## Exercise prompt:
Set down, exactly as written, the line containing "Logis Hotel Du Chateau,Bourre>>Blois,2 star" and all the lines that follow it to the end of the entries below, omitting every picture.

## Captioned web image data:
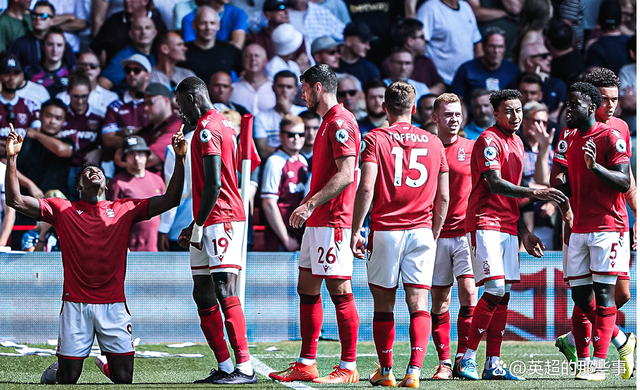 刚刚！波特兰开拓者国际比赛日官宣签约金州勇士窗口期回应争议，罗马围绕英超复出首秀(勇士开拓者直播)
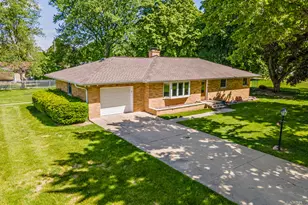 10218 McConnell St, Richmond, IL 60071 - Photo 2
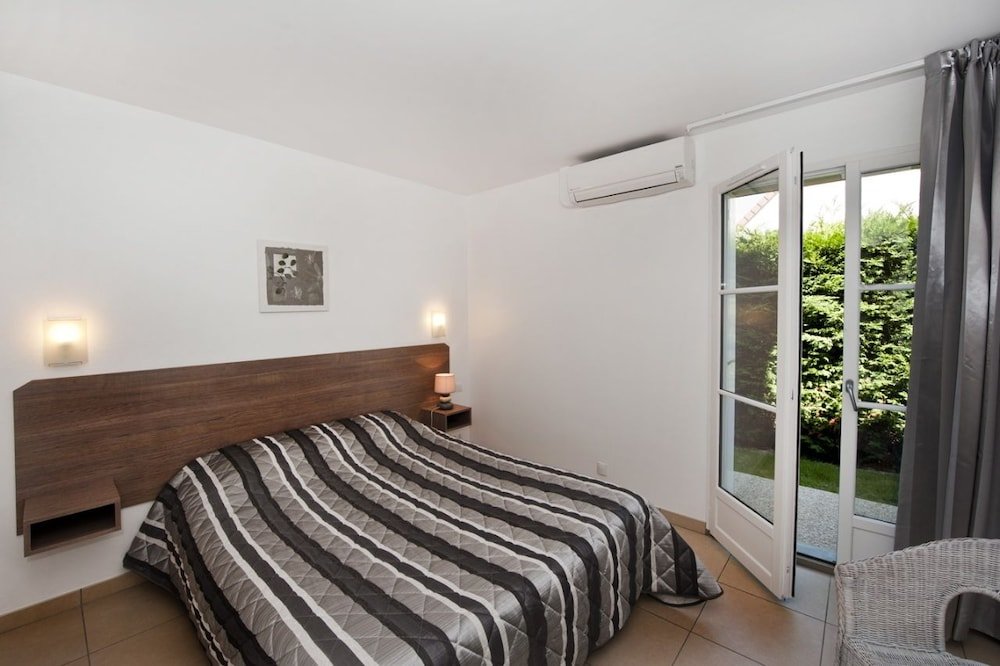 Logis Hotel Du Chateau,Bourre>>Blois,2 star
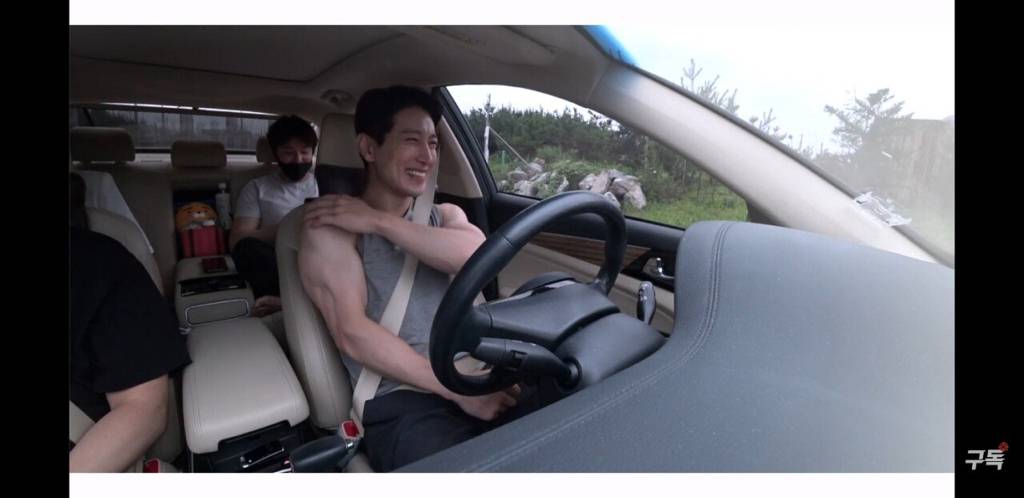 가짜사나이 에이전트 H 교관의 외모 클라스.jpgif | 인스티즈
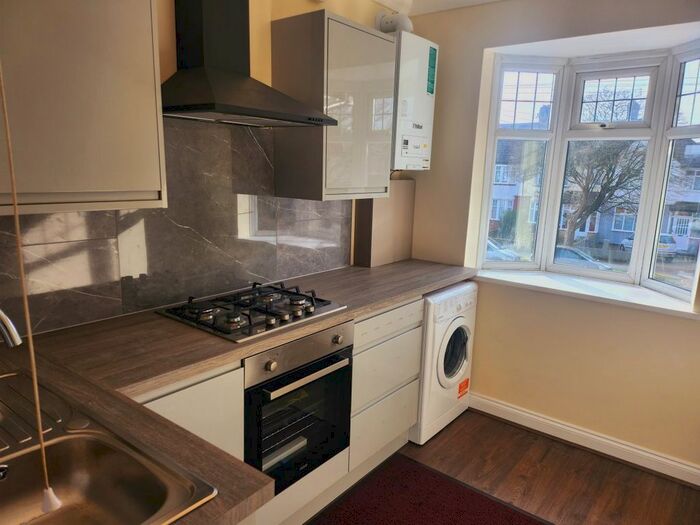 2 Bedroom Flat To Rent In Central Avenue, Hounslow, TW3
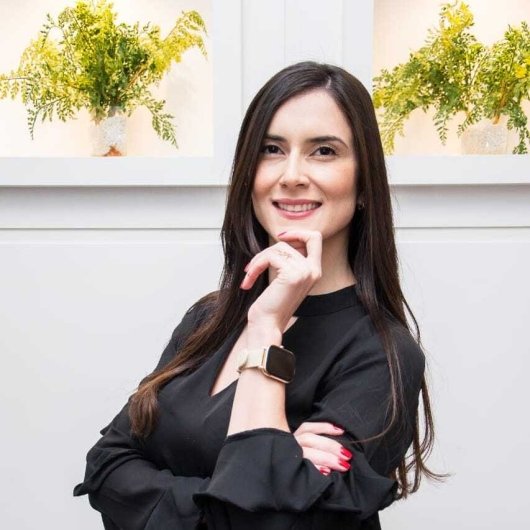 Dra. Letícia Abreu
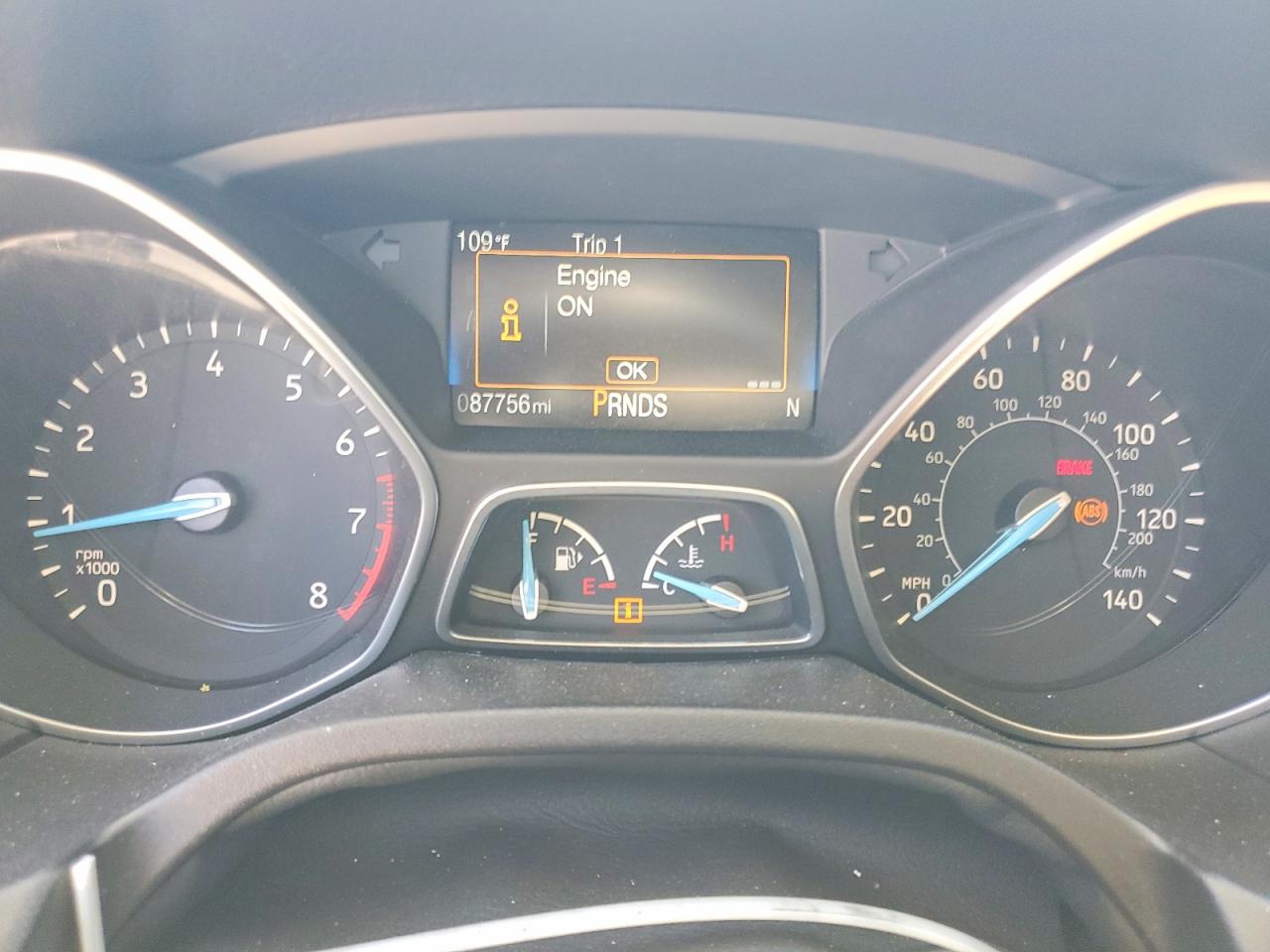 2015 Ford Focus Titanium Серебряный vin: 1FADP3N26FL385957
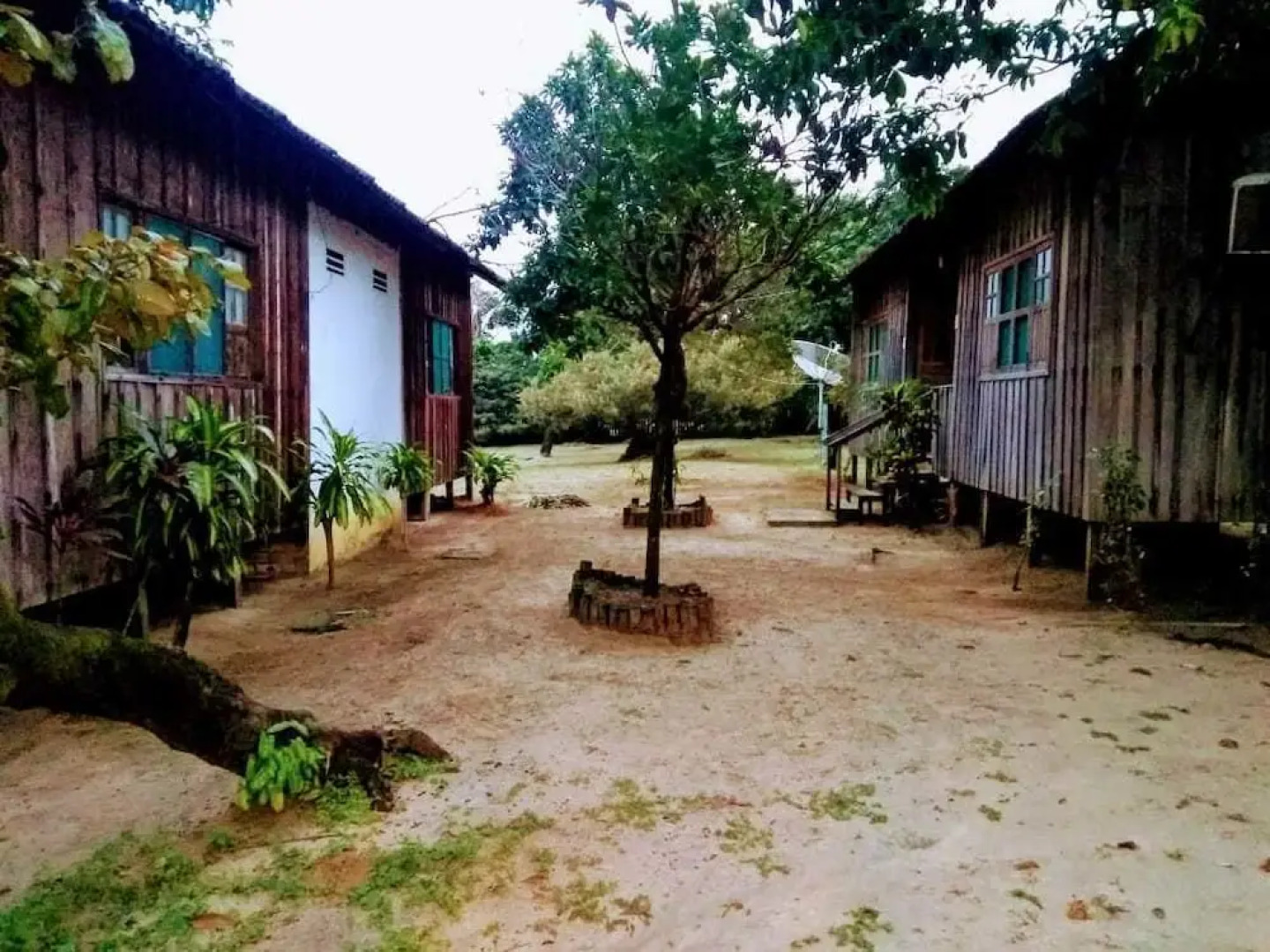 Pousada Bosque Dos Aruãs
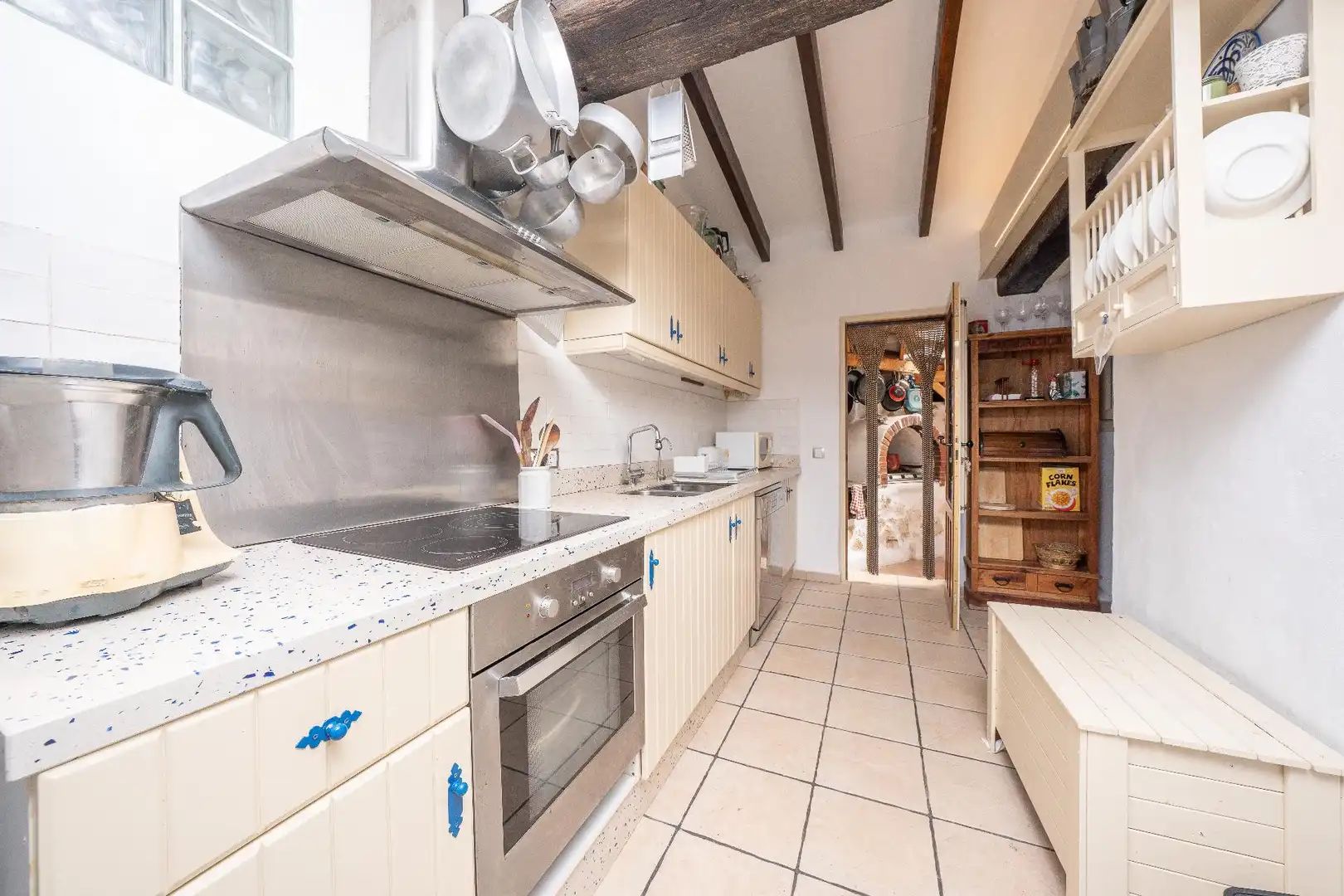 Cocina de Casa o chalet en venta en El Campello con Aire acondicionado, Calefacción y Jardín privado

## Written solution:
 Logis Hotel Du Chateau,Bourre>>Blois,2 star
 가짜사나이 에이전트 H 교관의 외모 클라스.jpgif | 인스티즈
 2 Bedroom Flat To Rent In Central Avenue, Hounslow, TW3
 Dra. Letícia Abreu
 2015 Ford Focus Titanium Серебряный vin: 1FADP3N26FL385957
 Pousada Bosque Dos Aruãs
 Cocina de Casa o chalet en venta en El Campello con Aire acondicionado, Calefacción y Jardín privado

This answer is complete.